- _Data provided_

####

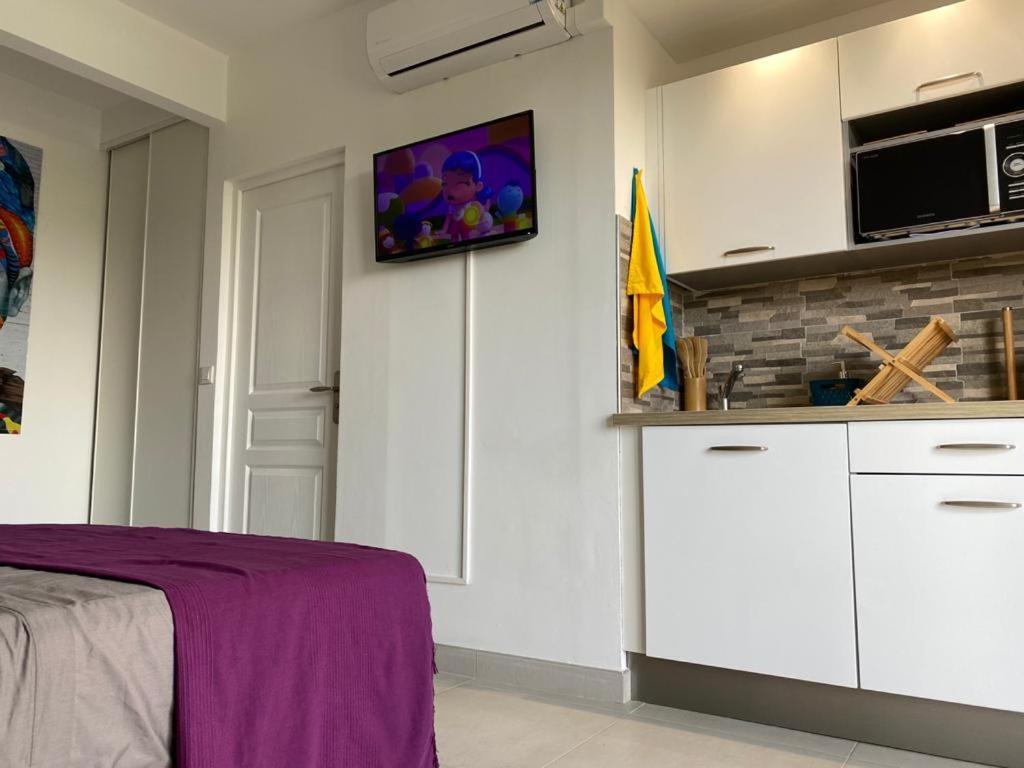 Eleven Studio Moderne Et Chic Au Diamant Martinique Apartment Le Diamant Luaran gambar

####

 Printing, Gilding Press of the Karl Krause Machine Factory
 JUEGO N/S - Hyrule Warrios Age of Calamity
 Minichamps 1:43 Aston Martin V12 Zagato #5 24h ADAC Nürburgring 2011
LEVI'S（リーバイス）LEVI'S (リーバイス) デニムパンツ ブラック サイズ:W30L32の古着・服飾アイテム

####

From the listing above, output exactly the run of lines that starts with the line containing "Minichamps 1:43 Aston" and ends with the line containing "LEVI'S（リーバイス）LEVI'S (リーバイス) デニムパンツ".

 Minichamps 1:43 Aston Martin V12 Zagato #5 24h ADAC Nürburgring 2011
LEVI'S（リーバイス）LEVI'S (リーバイス) デニムパンツ ブラック サイズ:W30L32の古着・服飾アイテム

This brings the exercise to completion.